As it churned past their car, the debris cloud narrowly missing them, she heard impacts on the train’s exterior. Metal pinging against metal. Dull thunks of wood striking the armor. On the vis-screen, the debris cloud wound closer and closer to them. Then it moved slightly off, giving them some breathing room. It had barely missed them. The real gravity of the situation hit H124. It had missed their car, but was heading straight back where the A14 stood exposed on the cargo platform.
“We have to move to the rear of the train!” she shouted to Byron above the roar of the storm. The engine thundered, pushed to its limits. “It could hit the A14!”
She raced to the rear of the dining car, pressing the door control there. It whooshed open, and she ran through the dining car, finding Raven at the far end, already pushing through to the next car with Dirk.
“If that thing hits the A14, this whole mission will have been for nothing!” Raven yelled, echoing her thoughts.
They reached the cargo car. Outside they could hear scraping and crashing as objects slammed into the side of the train. The car groaned, and H124 felt its weight shift. Suddenly the floor grew unsteady and lurched up at the far end. The tornado was going to pull them right off the tracks, A14 and all.
Chapter 6
H124 stepped into the space between the cargo car and its neighbor. At once her hair pulled upward, whipping around in the wind. Her ears popped. Raven emerged, his long hair instantly drenched, wet tendrils lashing out. She peered up at the ladder leading to the cargo platform. “What do we do?” she yelled over the roar of the tornadoes.
“We have to check on it,” Raven called back.
Behind them Byron and Dirk stood in the doorway, rain soaking their faces. Raven gripped the ladder on the cargo car and climbed, his shirt buffeting his back as the wind tore at it. Once his boots cleared the ladder, H124 climbed up. As soon as her head crested the top of the car, she gasped. The debris cloud of the funnel was too close. She could see it churning just a few feet from the train, jagged pieces of metal whipping around at tremendous velocity, along with rocks and rusted debris. One of the securing chains had snapped off the A14 and now whipped around in the wind, lashing out. The A14 clattered on the platform, the strength of the tornado exerting tremendous force on it, trying to draw it near the edge of the train.

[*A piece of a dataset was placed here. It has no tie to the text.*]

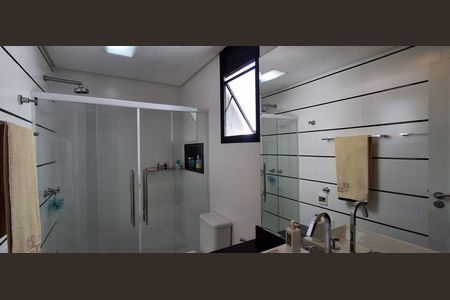 Apartamento à venda com 202m², 3 quartos e 2 vagasBanheiro Suíte 1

The funnel cloud angled away from them, but a second tornado had touched down, moving on a collision course with the train.
“If we could just get that chain refastened!” Raven called out in the wind. A brilliant flash of lightning lit up the dark afternoon, and a second later an ear-splitting crack of thunder rent the sky. Between the jarring motion of the train and the wind, H124 could barely stay standing. She went down on one knee to steady herself as Byron and Dirk climbed over the top of the ladder and joined them. She pointed out the broken securing chain just as a second one tore loose.
Now the A14 rattled on the platform, its wings tipping back and forth, and with a jarring rend of metal, it moved a foot toward the tornado, sliding on the platform.
Raven studied the flapping motion of the chain, and with a decisive strike lashed out his hand and grabbed it midair. He held onto it, pulling it taut. As he scanned the platform for the ring to attach it to, H124 saw that it had been snapped off at its base. Only the broken stem of the bolt remained.
“We’ll have to replace it!” she yelled over the din.
“This one, too!” Byron shouted, pointing at another snapped off connector ring. He stood in front of a second whipping chain, waiting to seize it when he saw the opportunity. But it flapped around violently, and more than a few times it almost slashed him across the torso.
“I’ll get more rings!” Dirk shouted, returning to the ladder and climbing down out of sight.